Die weichen, edel phrasierten Bögen, die Jongmin Park ihm als treu sorgender Onkel Elviras entgegensetzen kann, erfreuen ebenso wie Adam Plachetkas durchaus zuweilen beißende Bariton-Einwürfe: dieser enttäuschte Liebhaber scheint von Hass und Rachsucht zerfressen zu sein, offenbart aber angesichts der klagenden Elvira im Mittelakt doch auch ein weiches Herz.

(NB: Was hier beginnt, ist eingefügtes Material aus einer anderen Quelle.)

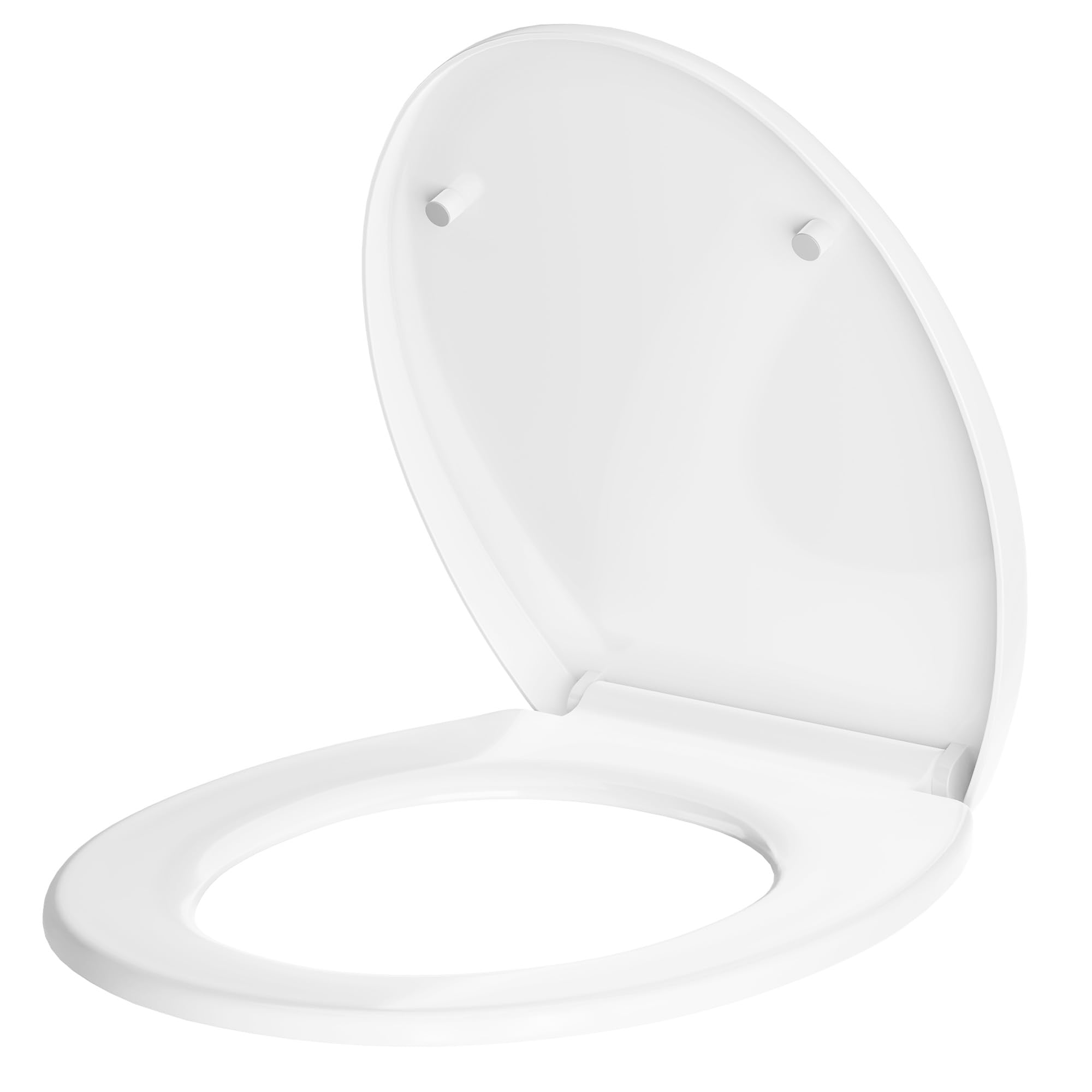 Abattant de WC antibactérien anti-UV à fermeture douce et clipsable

Adam Plachetka und Leonardo Navarro
Adam Plachetka und Leonardo Navarro Staatsoper/Ashley Taylor

Premieren-Niveau im Alltag

Eindimensional gerät an diesem großen Belcanto-Abend nichts. Auch nicht die Leistungen der weniger geforderten Protagonisten, Ryan Speedo Greens Lord Valton tönt rechtschaffen großspurig, Leonard Navarros Sir Bruno Roberton gibt die Stichworte als prägnanter Charakter und Ilseyar Khayrullova lässt mit sattem Mezzo keinen Zweifel daran, dass die Gefangene, die ihr Inkognito wahren muss, von königlichem Geblüt ist. Auch der Chor ist kommentierend und agitierend, je nachdem, ganz bei der Sache. Dergleichen schaffen andere Häuser wohl im besten Fall anlässlich einer wohlvorbereiteten Premiere. In widerfährt Bellini mitten im Repertoirebetrieb Gerechtigkeit. Zwei Gelegenheiten gibt es noch, das live mitzuerleben: am 7. und am 10. Jänner.